▸ **What to do**
Write out nothing but the lines from the one containing "Faux Oil Painting" through the last line below, both included, and without the pictures.

▸ **Input material**
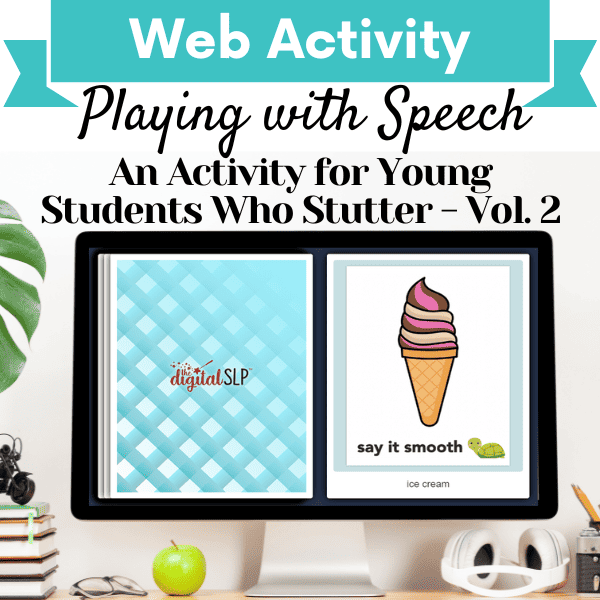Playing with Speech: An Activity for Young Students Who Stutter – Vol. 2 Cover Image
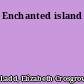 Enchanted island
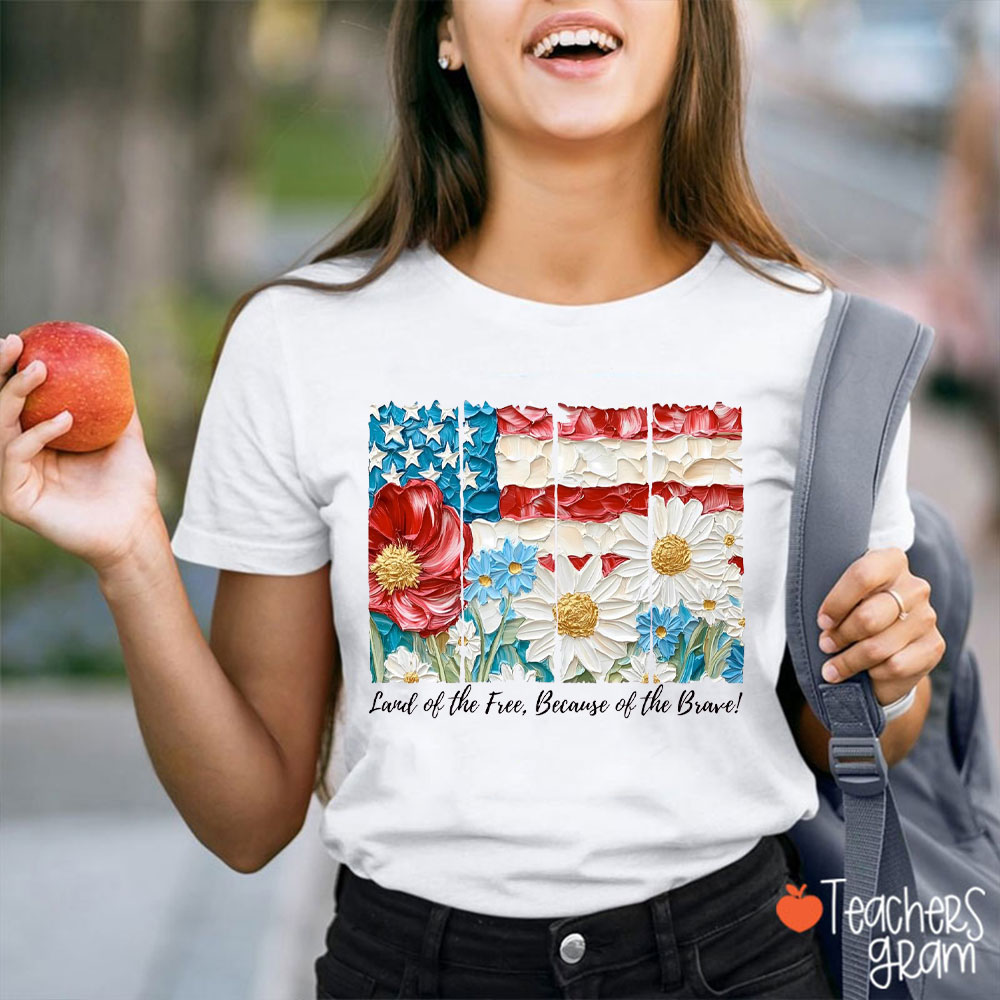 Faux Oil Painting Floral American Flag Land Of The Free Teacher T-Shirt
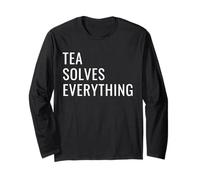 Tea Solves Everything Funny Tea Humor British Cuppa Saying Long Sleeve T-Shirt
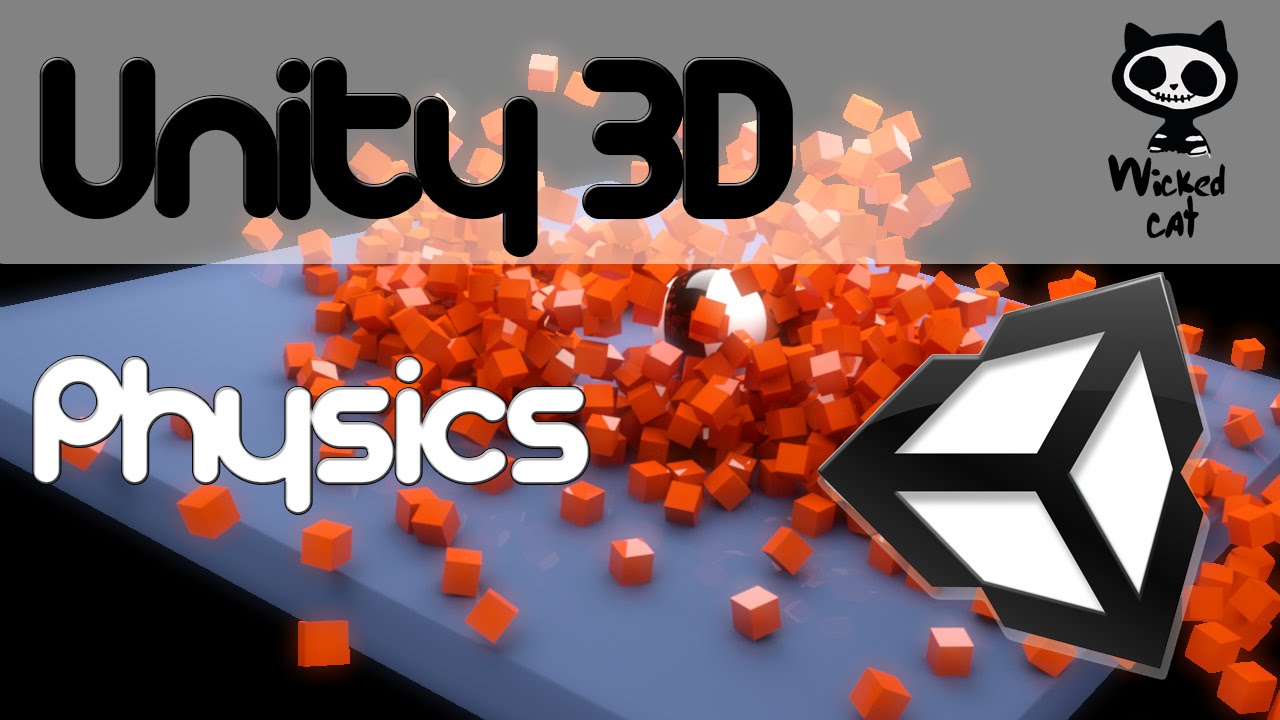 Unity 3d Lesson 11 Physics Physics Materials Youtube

▸ **Response for this exercise**
 Faux Oil Painting Floral American Flag Land Of The Free Teacher T-Shirt
 Tea Solves Everything Funny Tea Humor British Cuppa Saying Long Sleeve T-Shirt
 Unity 3d Lesson 11 Physics Physics Materials Youtube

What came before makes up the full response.